Dataset entries -
*-*-*

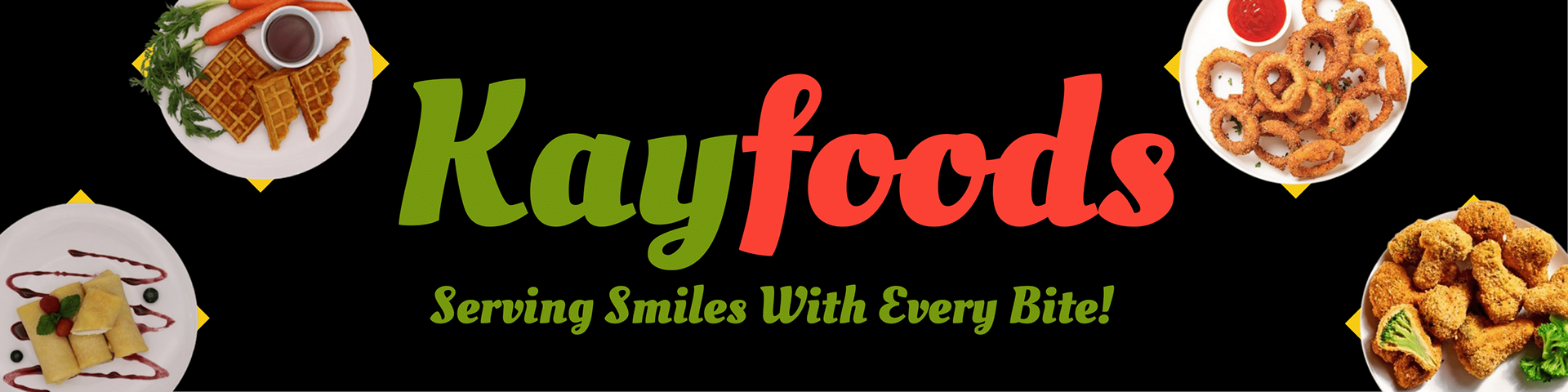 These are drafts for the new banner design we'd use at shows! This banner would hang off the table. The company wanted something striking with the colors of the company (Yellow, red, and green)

*-*-*

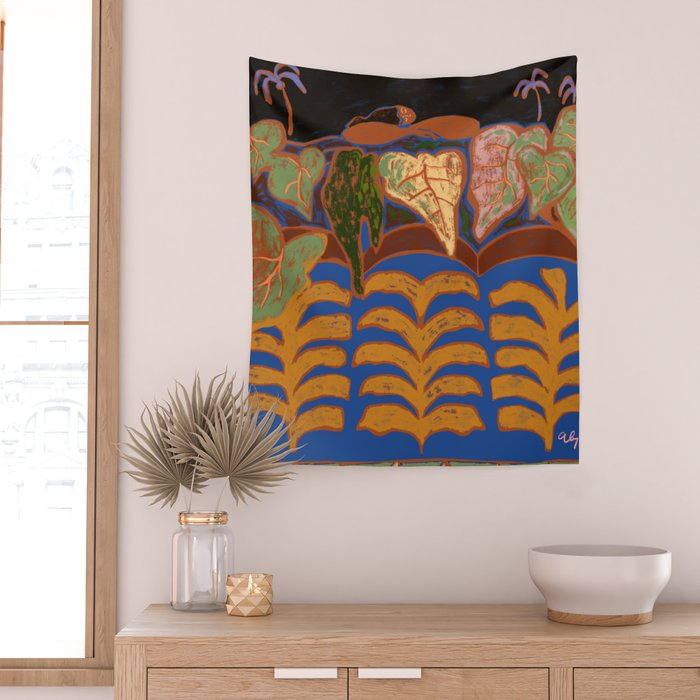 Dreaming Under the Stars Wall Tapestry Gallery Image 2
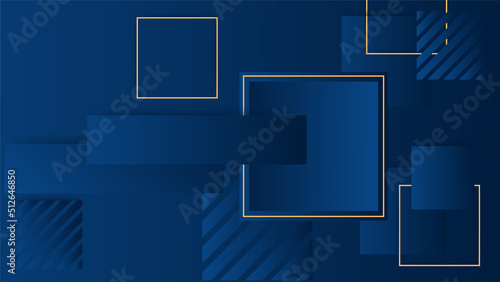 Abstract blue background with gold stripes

*-*-*

What the task requires -
Range to copy from the listing above: the line with "Dreaming Under the" through the line with "Abstract blue background with gold stripes". Transcribe it exactly and skip the pictures.

Task response -
 Dreaming Under the Stars Wall Tapestry Gallery Image 2
 Abstract blue background with gold stripes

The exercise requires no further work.